The I in FAIR by Peter Doorn
∴ DANS has 2.6 million pictures as top data category (65% of the archive). Therefore, interoperability of images needs to be tackled. Unfortunately, interoperability of images is hard to determine.
∴ Side note: 4TU.Centre for Research Data has nearly 6.500 datasets in netCDF format as top data category (>90% of the archive). Perhaps this data-format has more advantages in terms of interoperability? Want to know more about our current work with netCDF? Leave a bookmark for the category on this blog.
∴ Barend’s remark about the image interoperability threshold mentioned by Peter: the rich metadata of images makes the interoperability of pictures possible.
∴ The self-assessment tool for FAIR data created by DANS is also connected to the FAIR metrics group.
The Open Science Survey 2017 by Gareth O’Neill
∴ My conclusion of the open science survey by Gareth: the need to improve awareness about open science /access /data /education etc. and the already existing support services will highly likely never decrease.
∴ But who is responsible for increasing the awareness? The university board? The faculties? The research support staff from e.g. the library?
∴ ‘Research visibility’ seems to be the main driver to comply to open science.
∴ The final report and survey analysis will be published in the next 3-6 months. Keep an eye on the Eurodoc website.
A few bits from the group session
∴ What’s the incentive to re-use existing data (where the origin might be untrustworthy) vs. regenerating the data oneself?
∴ Is metadata sufficient for reusability or is there a need for linked data?
∴ Incentives for researcher to create FAIR data needs to be improved asap.
∴ Better distinctions between “data stewards”, “data managers”, “data scientist”; and improved appreciation for researchers doing these jobs.
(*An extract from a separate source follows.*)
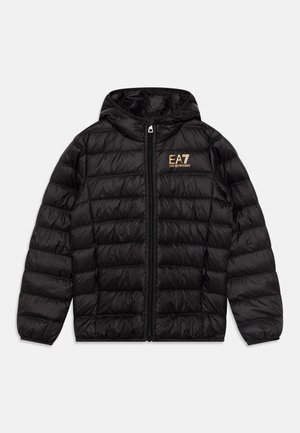 Svart boblejakke med hette, hel glidelås foran og gullfarget EA7 Emporio Armani-logo på venstre bryst.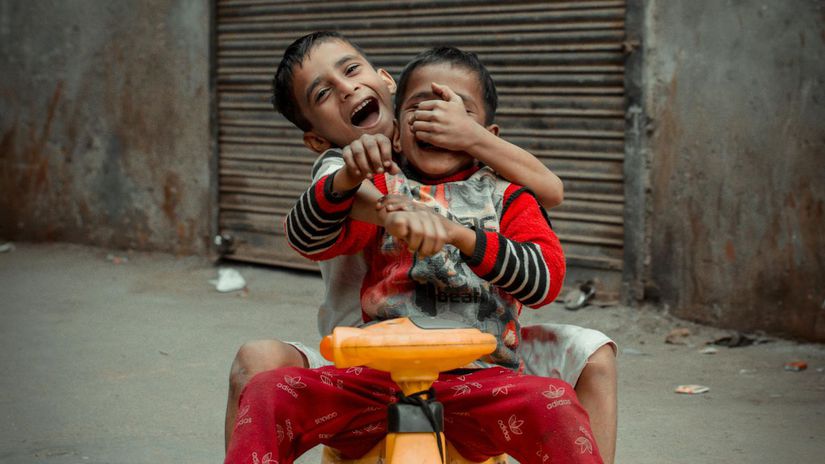 Do Indie za duchovnym obrodenim Turistka prevychovala miestne deti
∴ Biggest nut to crack: what does FAIR data mean in terms of data quality? The data-set (metadata, documentation, and data files) could be perfectly fair, but the actual content of the data files are rubbish. My thoughts on this: first establish certified and trusted data archive / repository that enables FAIR data-sets; secondly gather critical mass of FAIR research data; lastly: enable peer-review of these data-sets to get an actual evaluation of the data quality.
Current FAIR work in the Netherlands, September 2017
∴ The Dutch Tech Centre for Life Science (DTLS) in Utrecht provides a lot of valuable information about FAIR in the life science context. In more detail, DTLS is also focussing on the semantic side of the FAIR data principles and how to implement them.
∴ Data Archiving and Network Services (DANS) in Den Haag are covering the work on these principles predominantly for the humanities and social sciences. One of their practical approaches is a FAIR data assessment tool with subsequent rating of each FAIR facet.
∴ TU Delft Library and 4TU.Centre for Research Data are concentrating on the FAIR data guidance for technological data. A first practical approach was the evaluation of Dutch data repositories and data archives to determine their maturity for the FAIR data demands by funding bodies. The consecutive work is investigating researchers sentiment of the FAIR data principles in relation to their research subject.
∴ In reaction to the individual development of research support and research institutions regarding the FAIR data principles, the European Commission enabled an Expert Group on FAIR data to review these evolvements and received feedback. The report produced by this Expert Group will be delivered first quarter 2018.
∴ The Conference of European Schools for advanced engineering education and research (CESAER) features a task force for Open Science, including a research data management group that also explores FAIR data.